• **Instructions for the task**
Your answer should be an exact copy of the lines from the one holding "GI Joe Classified" to the end of the material below, pictures left out.

• **Entries provided**
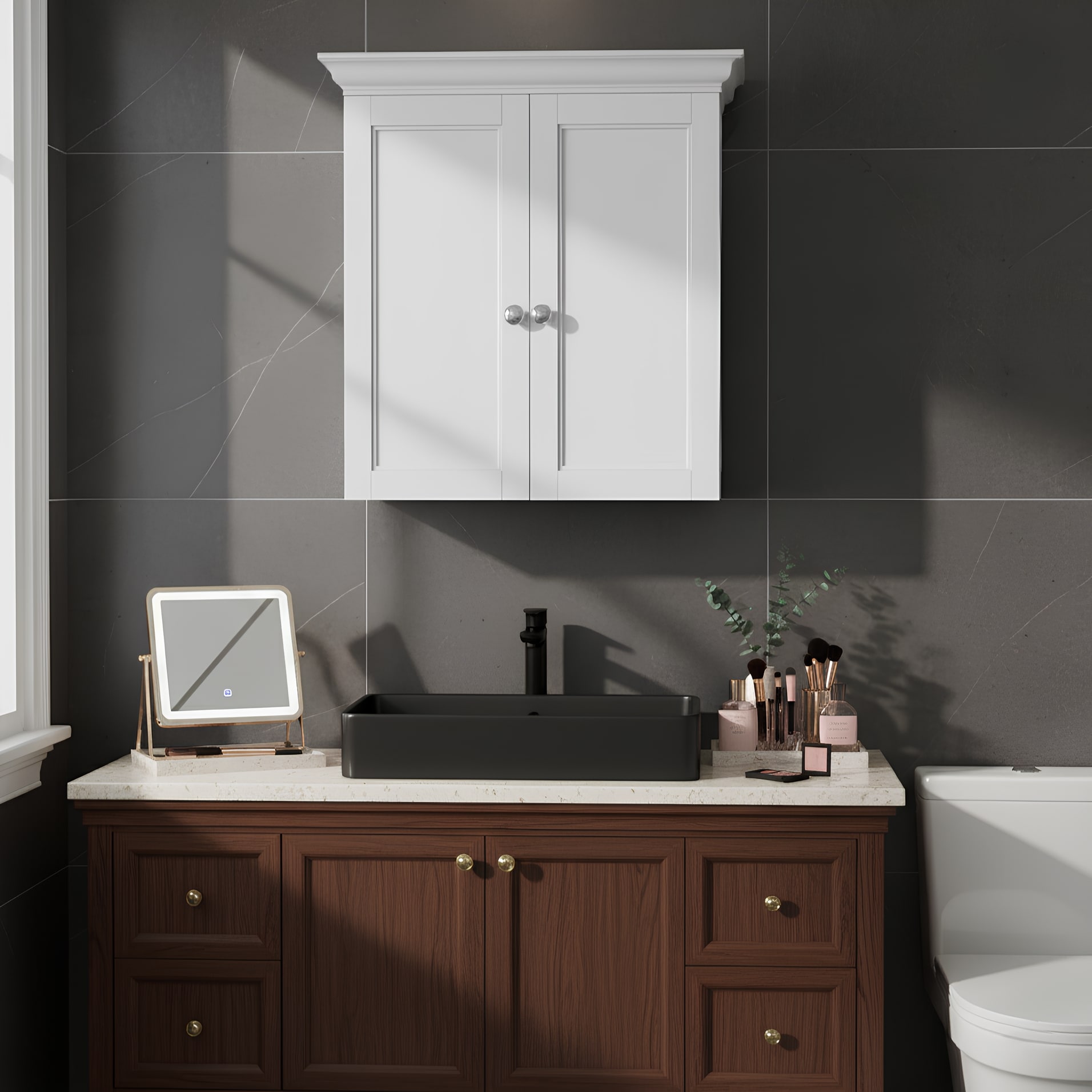 Teamson Home ELG-674 Bathroom-Wall-Cabinets - View #5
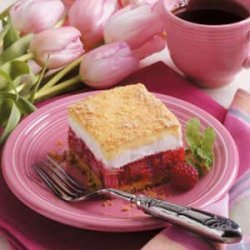 Rhubarb Icebox Dessert recipe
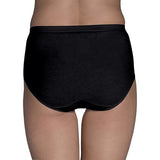 Fruit of the Loom Womens Size 7 Cotton Briefs Underpants Black 6 Pack NWT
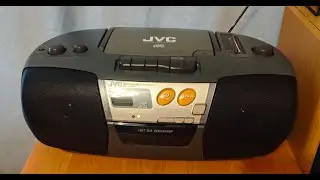 Магнитофон JVC RC-X260 разборка, чистка, ремонт замена лазера KSS-213C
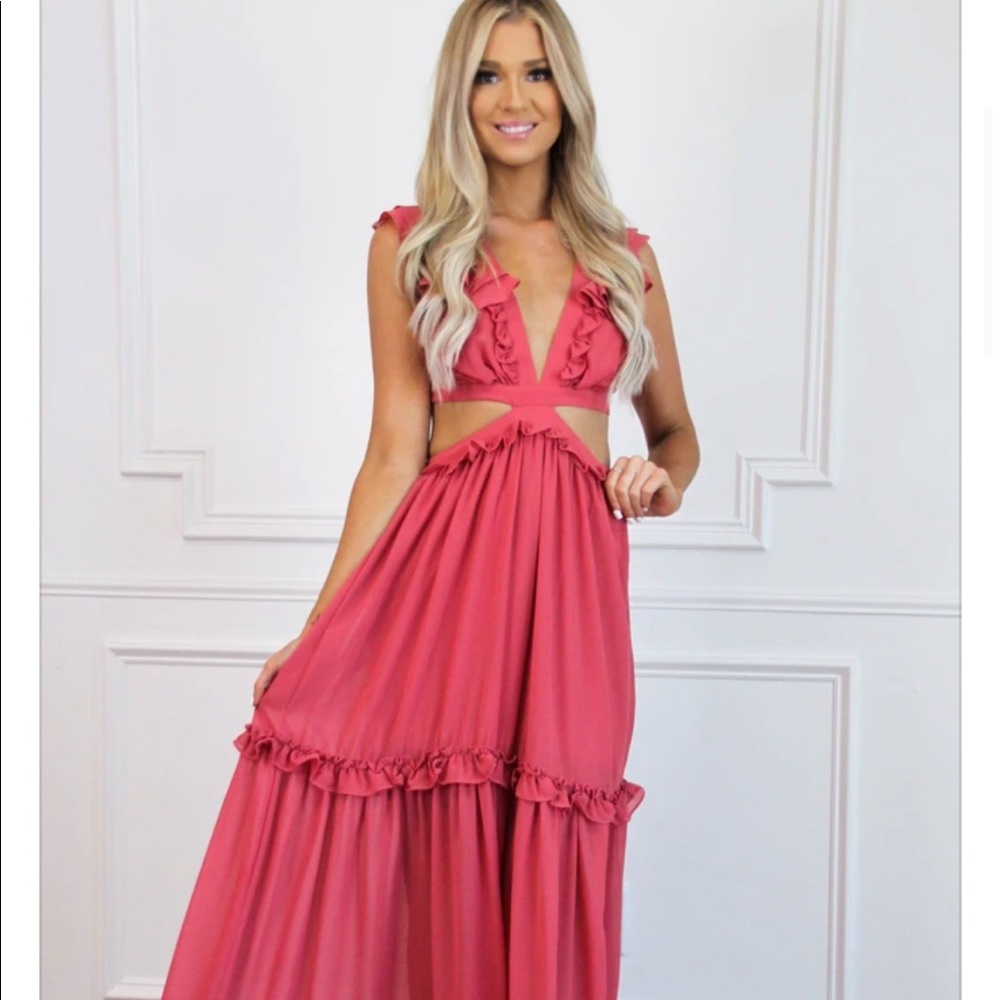 Bella and Bloom maxi dress with cut outs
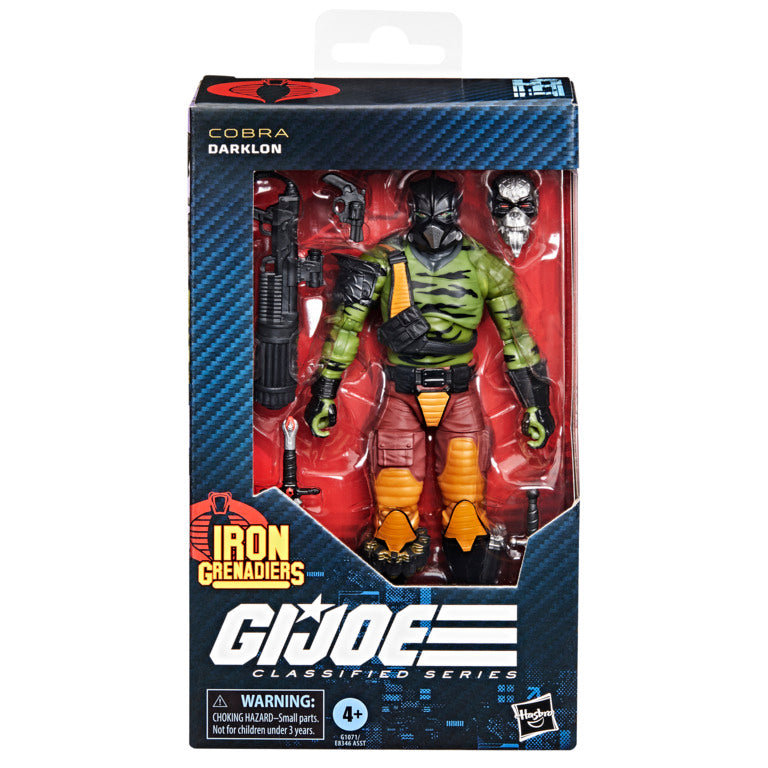 GI Joe Classified Series 6 Inch Action Figure - Darklon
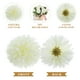 thumbnail image 2 of 50 crisantemos artificiales para decoración de fiestas, bodas y eventos., 2 of 7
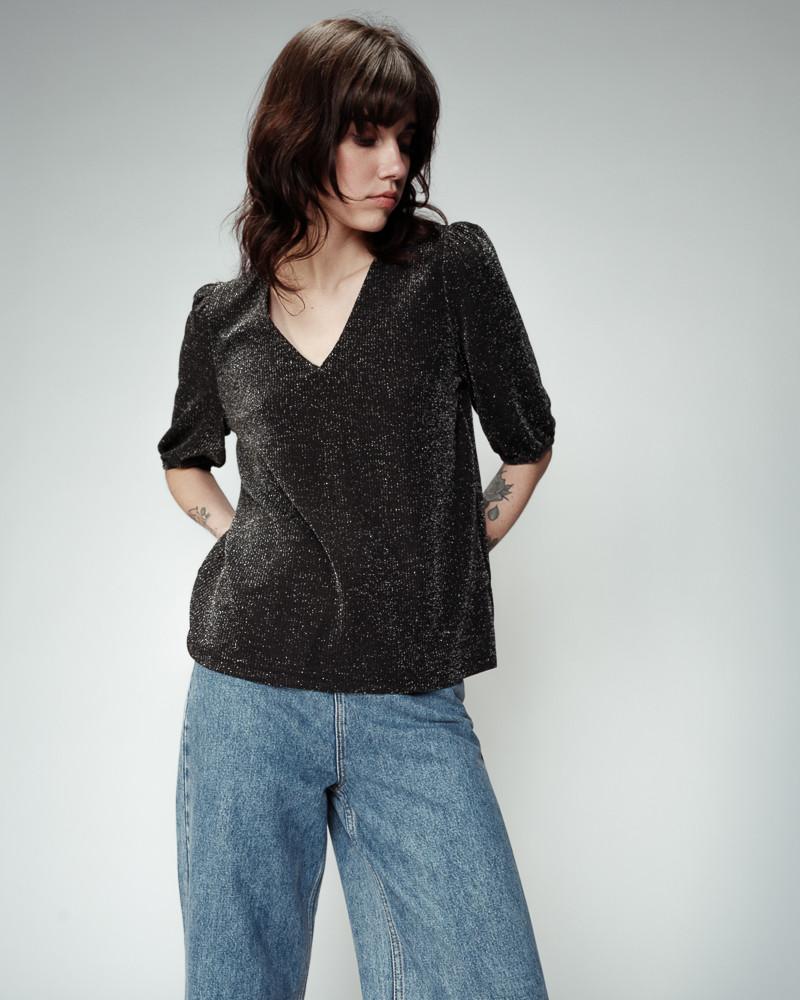 grace & mila BLOUSE ARGENT OREO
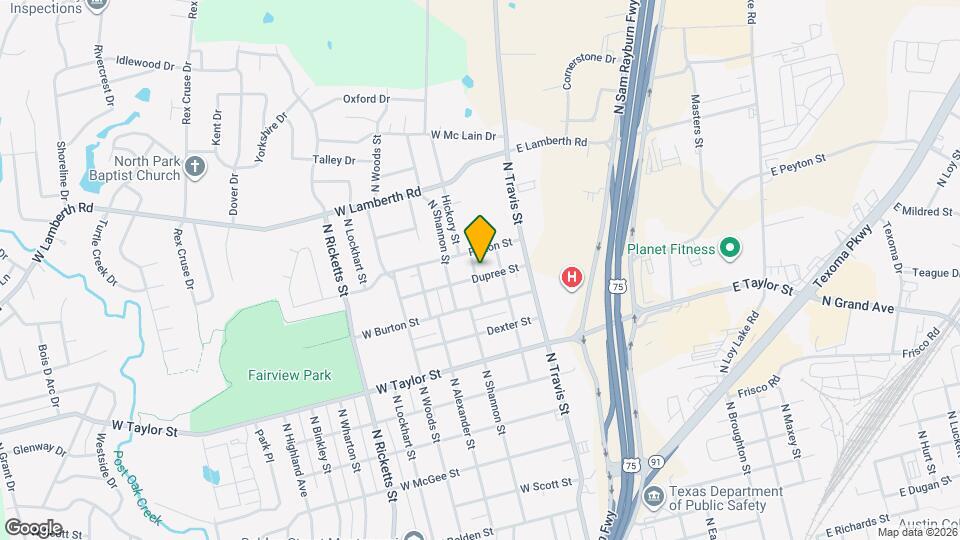 2205 N Hickory St Map and Location Details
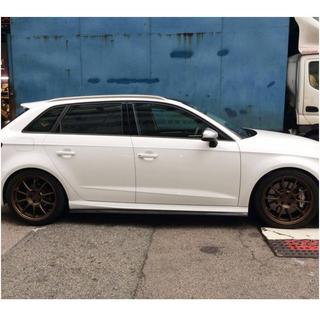 Faldones Laterales V1 (para S-Line HB, Carbono) Audi A3 2012-2020 foto 2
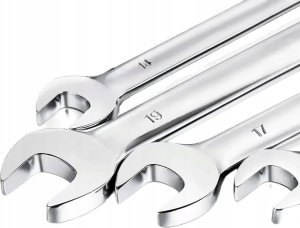 Extralink | Zestaw kluczy płasko-oczkowych | 8 el. klucze płaskie oczkowe etui 8-22 mm 3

• **Reply to the task**
 GI Joe Classified Series 6 Inch Action Figure - Darklon
 thumbnail image 2 of 50 crisantemos artificiales para decoración de fiestas, bodas y eventos., 2 of 7
 grace & mila BLOUSE ARGENT OREO
 2205 N Hickory St Map and Location Details
 Faldones Laterales V1 (para S-Line HB, Carbono) Audi A3 2012-2020 foto 2
 Extralink | Zestaw kluczy płasko-oczkowych | 8 el. klucze płaskie oczkowe etui 8-22 mm 3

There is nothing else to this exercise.